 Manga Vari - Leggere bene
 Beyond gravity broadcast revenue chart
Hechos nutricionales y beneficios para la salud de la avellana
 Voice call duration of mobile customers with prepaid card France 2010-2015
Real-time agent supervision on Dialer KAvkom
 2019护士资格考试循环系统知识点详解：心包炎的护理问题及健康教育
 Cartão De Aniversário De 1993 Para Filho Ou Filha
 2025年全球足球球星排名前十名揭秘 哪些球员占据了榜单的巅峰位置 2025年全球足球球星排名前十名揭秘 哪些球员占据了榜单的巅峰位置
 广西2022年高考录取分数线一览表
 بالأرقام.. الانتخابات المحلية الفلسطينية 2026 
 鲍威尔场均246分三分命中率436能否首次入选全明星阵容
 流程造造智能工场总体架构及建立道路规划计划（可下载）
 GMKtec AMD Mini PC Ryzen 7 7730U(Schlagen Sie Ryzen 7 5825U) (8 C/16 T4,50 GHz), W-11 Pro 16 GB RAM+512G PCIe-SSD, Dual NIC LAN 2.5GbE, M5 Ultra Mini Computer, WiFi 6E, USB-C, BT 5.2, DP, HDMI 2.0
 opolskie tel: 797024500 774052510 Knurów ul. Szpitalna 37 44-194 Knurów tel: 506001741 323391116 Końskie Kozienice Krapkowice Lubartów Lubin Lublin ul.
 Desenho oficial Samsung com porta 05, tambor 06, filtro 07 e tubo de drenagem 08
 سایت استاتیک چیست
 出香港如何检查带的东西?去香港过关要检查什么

•••••

### WHAT THIS TASK INVOLVES
From the opening line of the data above through the line that contains "流程造造智能工场总体架构及建立道路规划计划（可下载）", please print each line as it stands and only those lines.

### RESULT OF THIS TASK
 Manga Vari - Leggere bene
 Beyond gravity broadcast revenue chart
Hechos nutricionales y beneficios para la salud de la avellana
 Voice call duration of mobile customers with prepaid card France 2010-2015
Real-time agent supervision on Dialer KAvkom
 2019护士资格考试循环系统知识点详解：心包炎的护理问题及健康教育
 Cartão De Aniversário De 1993 Para Filho Ou Filha
 2025年全球足球球星排名前十名揭秘 哪些球员占据了榜单的巅峰位置 2025年全球足球球星排名前十名揭秘 哪些球员占据了榜单的巅峰位置
 广西2022年高考录取分数线一览表
 بالأرقام.. الانتخابات المحلية الفلسطينية 2026 
 鲍威尔场均246分三分命中率436能否首次入选全明星阵容
 流程造造智能工场总体架构及建立道路规划计划（可下载）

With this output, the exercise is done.